Potret Hj. Hindun Masthufah

Pada tahun 1939 beliau mendirikan Madrasah Masyariqul Anwar (MMA) bersama beberapa tokoh masyarakat sekitar Gintung. Antusias yang besar untuk mengembangkan lembaga pendidikan yang telah dirintisnya, maka ia memutuskan putra pertamanya untuk menimba ilmu di Pesantren Gontor, agar kelak dapat mendirikan lembaga pendidikan yang lebih tinggi. Saat menunggu pendidikan putra pertamanya selesai, beliau mendapat tanah wakaf dari Hj. Pengki, sebelumnya beliau ditawarkan tanah sawah atau daratan, ia memilih daratan.

Keinginan yang menggebu-gebu untuk mendirikan pesantren semakin mengusik hatinya, pada saat ia berkunjung ke Gontor melihat para santri turun dari masjid usai menunaikan shalat.
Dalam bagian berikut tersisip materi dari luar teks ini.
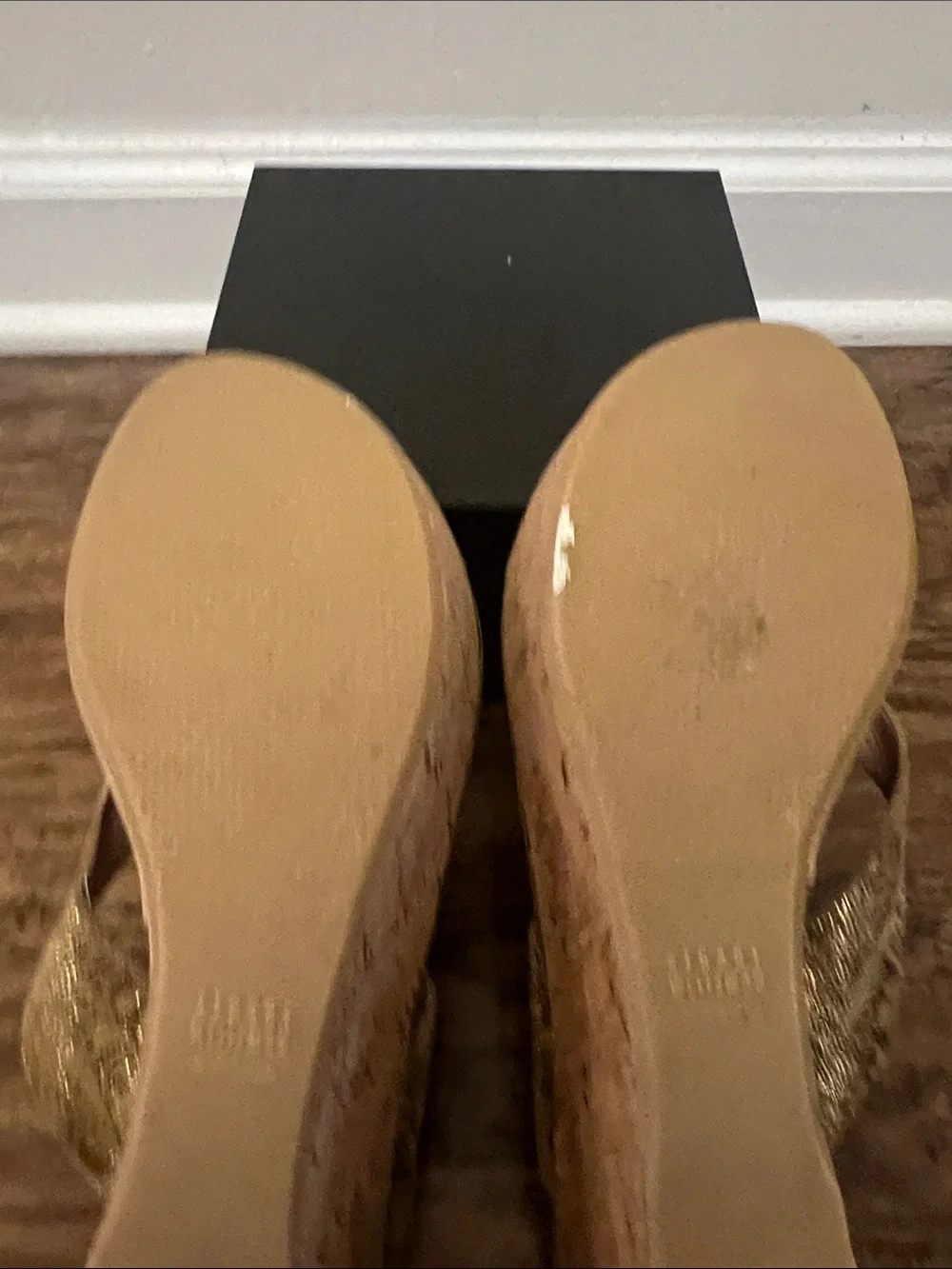 Stuart Weitzman Gold Cork Wedge Thong Sandals - Picture 9 of 10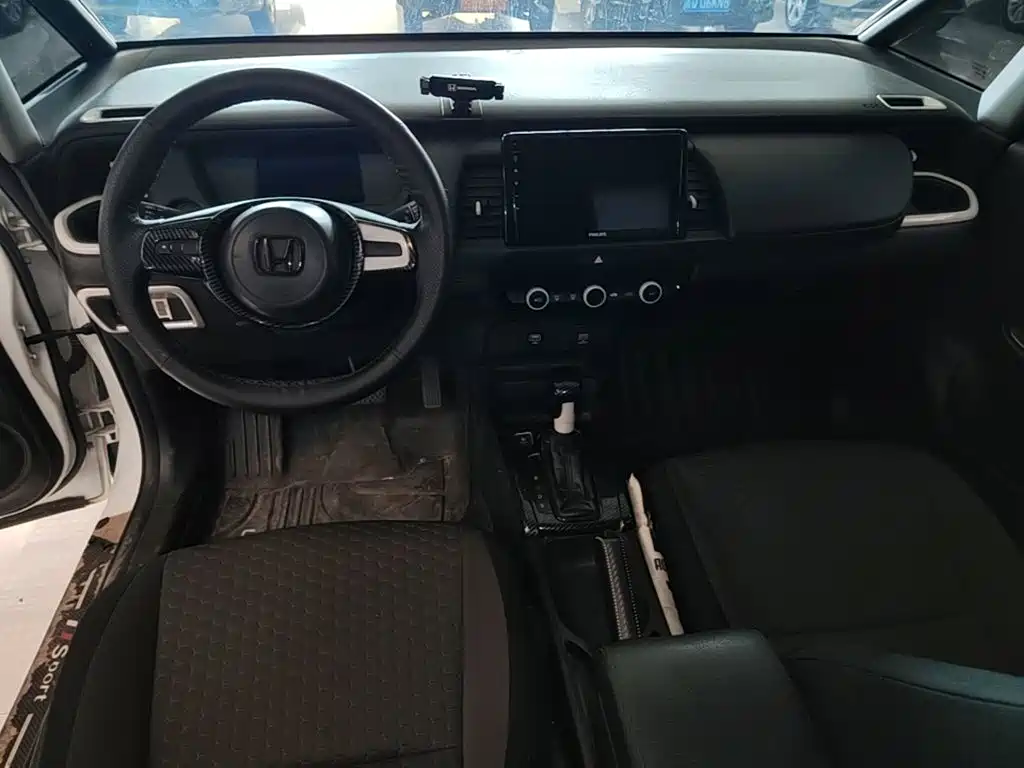 Honda Fit — фото 10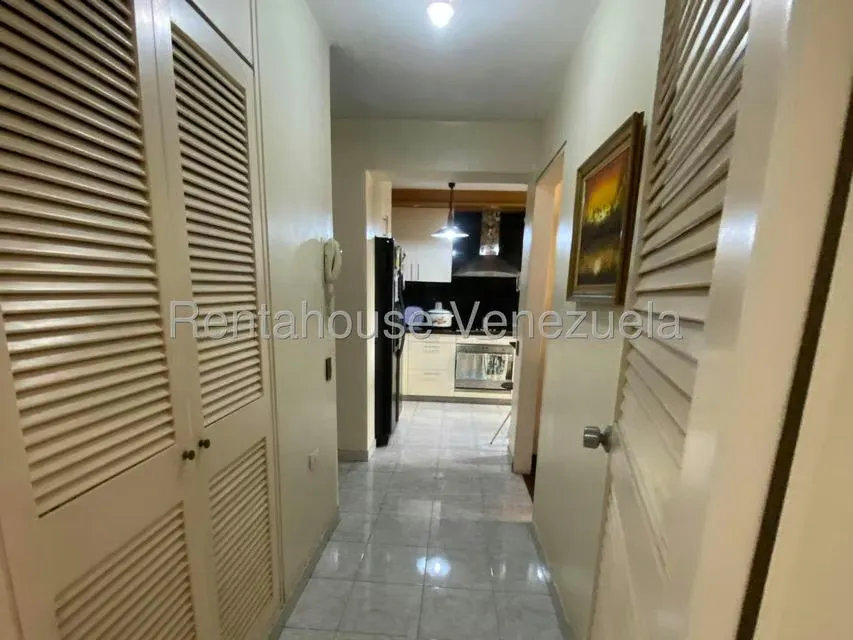Apartamento (1 Nivel) en Alquiler en Colinas de Bello Monte, Distrito Metropolitano - 20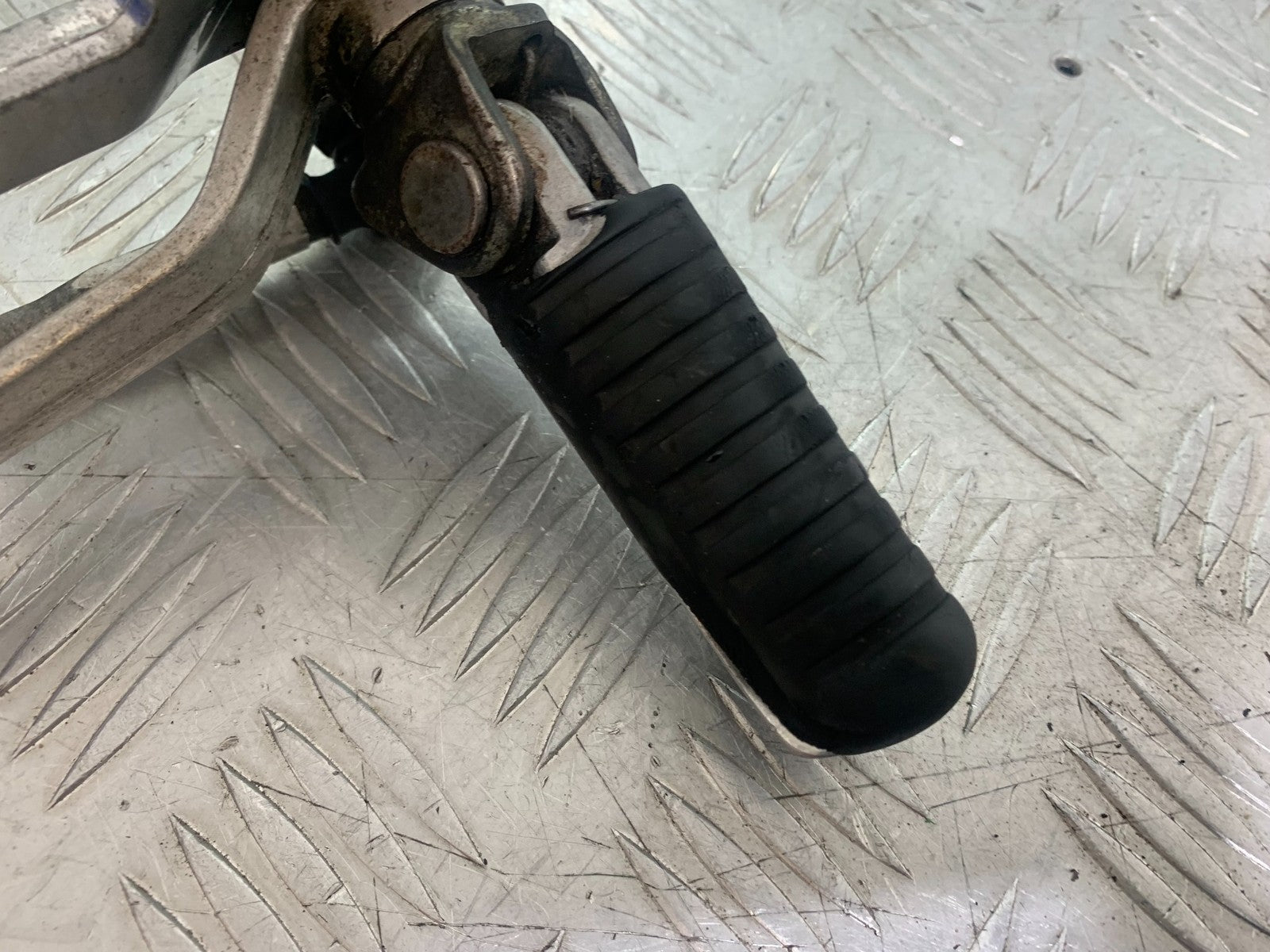 KAWASAKI ZX9R ZX9 E1 FRONT LEFT HANGER YEAR 2000-01 (CMB1171)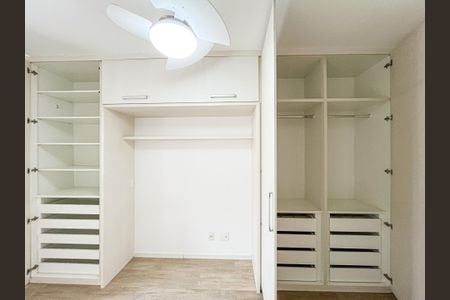 Apartamento à venda com 66m², 2 quartos e 1 vaga Apartamento à venda com 66m², 2 quartos e 1 vagaSuíte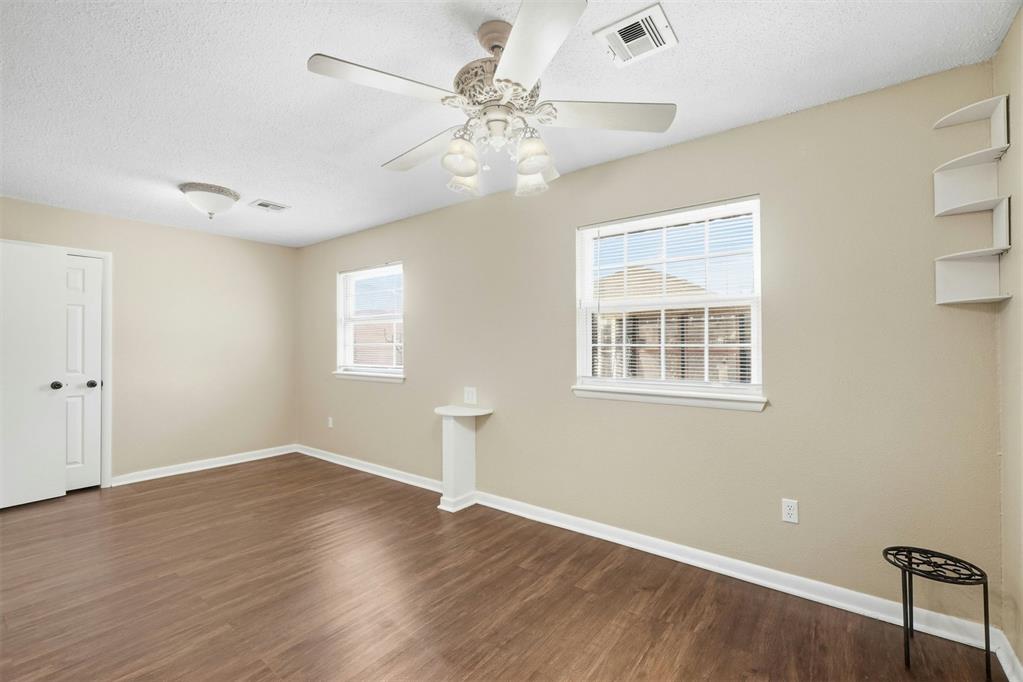 313 Nw 63rd Street Property Photo 18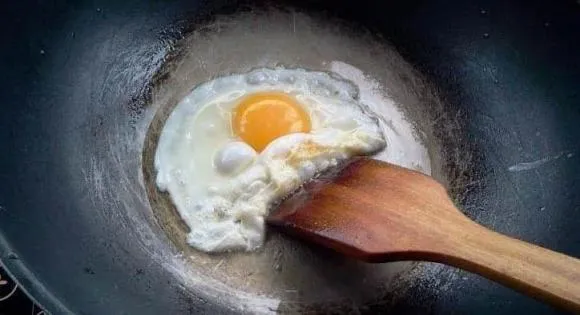 Bước đầu tiên khi chiên trứng là không cho dầu, cách làm mới của đầu bếp nhà hàng rất ngon, học sớm sẽ có lợi sớm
Setelah Rifa'i Arief menyelesaikan pendidikan dan pengabdiannya pada tahun 1967, H. Qashad Mansyur segera merealisasikan gagasannya yang selama itu terpendam. Sebuah dapur tua dijadikannya tempat belajar santri yang kala itu berjumlah 22 orang. Tantangan dan hambatan banyak dihadapi bersama putranya, tetapi dilaluinya dengan penuh kesabaran dan ketabahan hati.

Kiai yang tidak bisa menulis dan membaca huruf latin, namun menguasai bahasa Arab Melayu dipanggil Yang Kuasa pada tahun 1976 di kediamannya dan dimakamkan di Kampung Songgom, Cikande, Serang, Banten. Beliau meninggal setelah keinginan luhurnya terwujud. Untuk mengabadikan jasa dan perjuangannya dinamakan salah satu ruang belajar berlantai tiga dengan namanya, Al-Manshur.

A.    Keadaan Masyarakat

Disadari atau tidak banyak sekali impact antara warga dan keluarga maupun santri dari pondok itu sendiri. Berawal mula ekonomi yang diperoleh dari warga hanya sebagian besar buruh petani yang berpenghasilan kurang dari cukup karena daerah yang berada di kawasan Banten dan cenderung mengalami kemarau sering mengalami pancaroba. Makadariitu, berkat hadir dan didirikannya Pondok Pesantren di tengah lingkungan masyarakat Desa Gintung Kec.Jayanti sangat membantu warga masyarakat mulai dari sektor ekonomi bahkan pendidikan.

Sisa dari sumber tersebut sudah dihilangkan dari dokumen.